Later, someone suggested I could make the class better if I did just what this other instructor does – brought pie crusts completed at various stages to swap out after each step for “magic of TV moments”. Yes, I can make 5 pie crusts ready to roll and trashed all their crusts after step 1. Trashed 5 lbs of flour and 10 sticks of butter and replaced them with ready-to-roll crusts made by hand in my ‘off hours’. I could then make another set of pre-formed pies that are ready to fill. I could store these in my freezer taking up several shelves, but always ready for class.
Absolutely, I could do all that. But, I don’t want to spend 10-20 hours to get paid for four before I even start the 3 hour class. And, being as I am not getting paid much, I don’t exactly have the cash available to go over my allowed reimbursement for ingredients. Besides, I need a day job to pay for my ‘teaching cooking classes’ hobby, so there really isn’t 10-20 hours to do all that stuff.
What is my point in this rant today? Well, I guess it is mostly a rant. But it is a rant about the shitty pay in participating in the food industry. I keep hearing about the world moving from spending money on things to spending money on experiences.

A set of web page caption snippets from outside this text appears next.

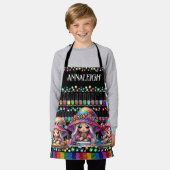 ジュニアマニキュアネイリストエプロン エプロン (着用した状態)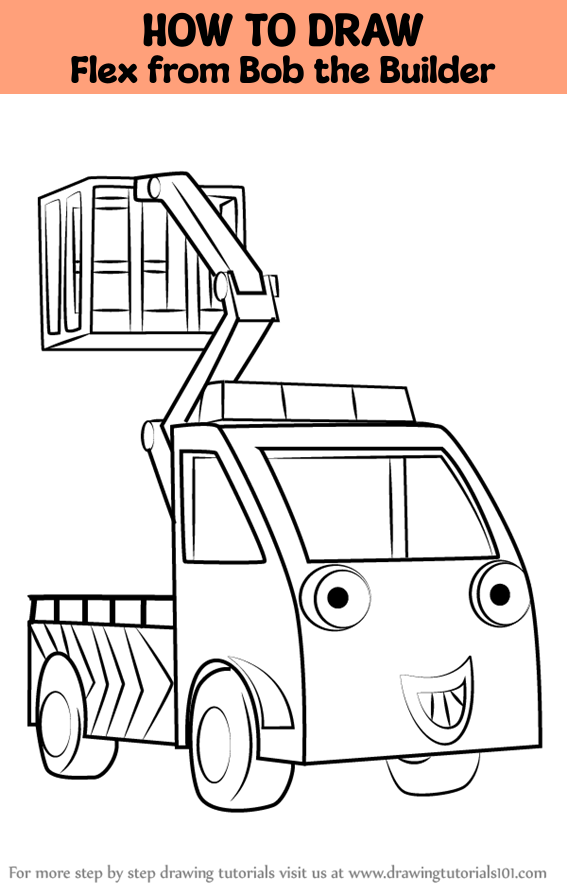 How to Draw Flex from Bob the Builder (Bob the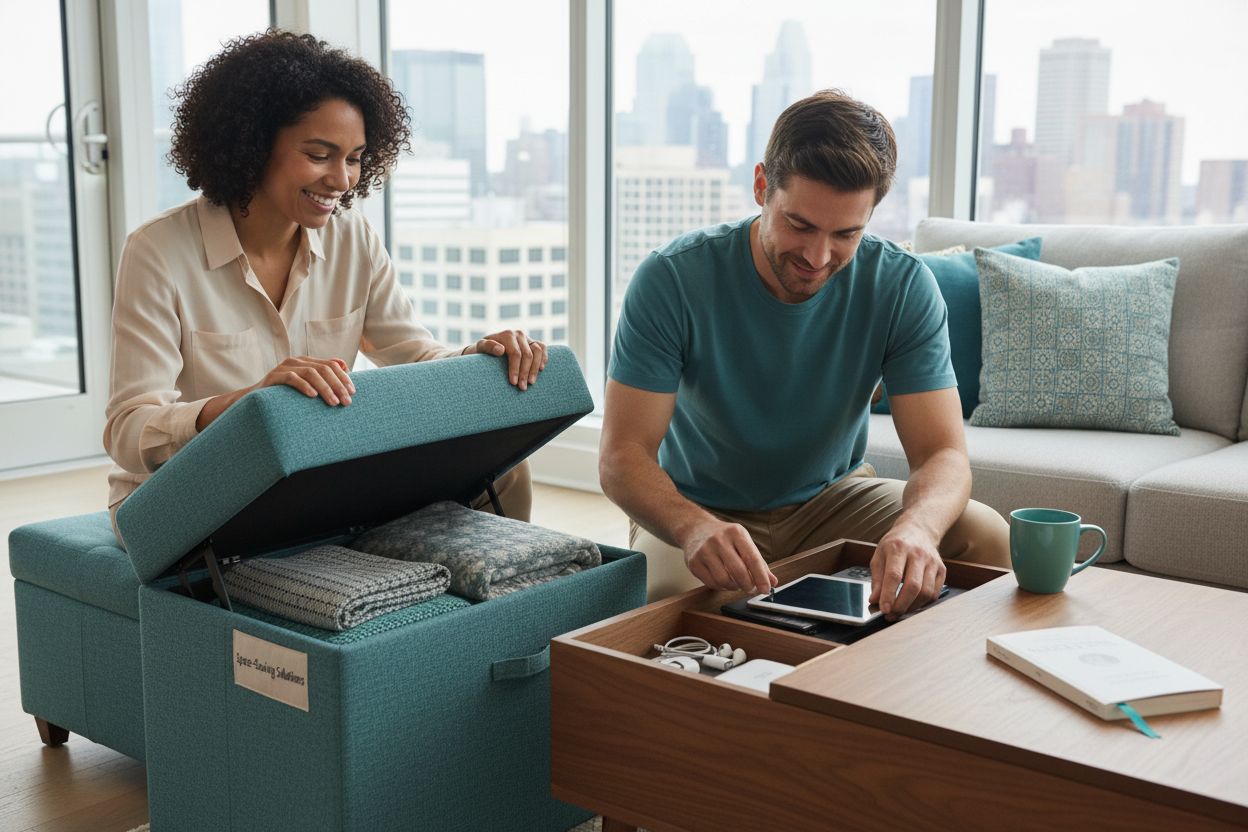 space-saving hidden storage apartment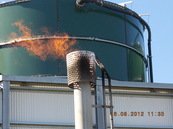 Flare used at a Waste Recycling Facility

Well, this is one of those experience type things. People want to pay little for them, but they want to have a polished, as-seen-on-TV experience that includes high quality lessons, a gracious, charming, well-rehearsed host all delivered while they are having loads of fun and eating delicious instagrammable foods.
I recently approached by someone saying they want to create the ‘paint night’ of cooking classes. That sounds horrible, but I am sure it makes for a great gram. Unfortunately, I just don’t see how the math adds up without someone in the chain getting screwed.
With that, happy cooking. . . In a class with a well paid instructor, I hope.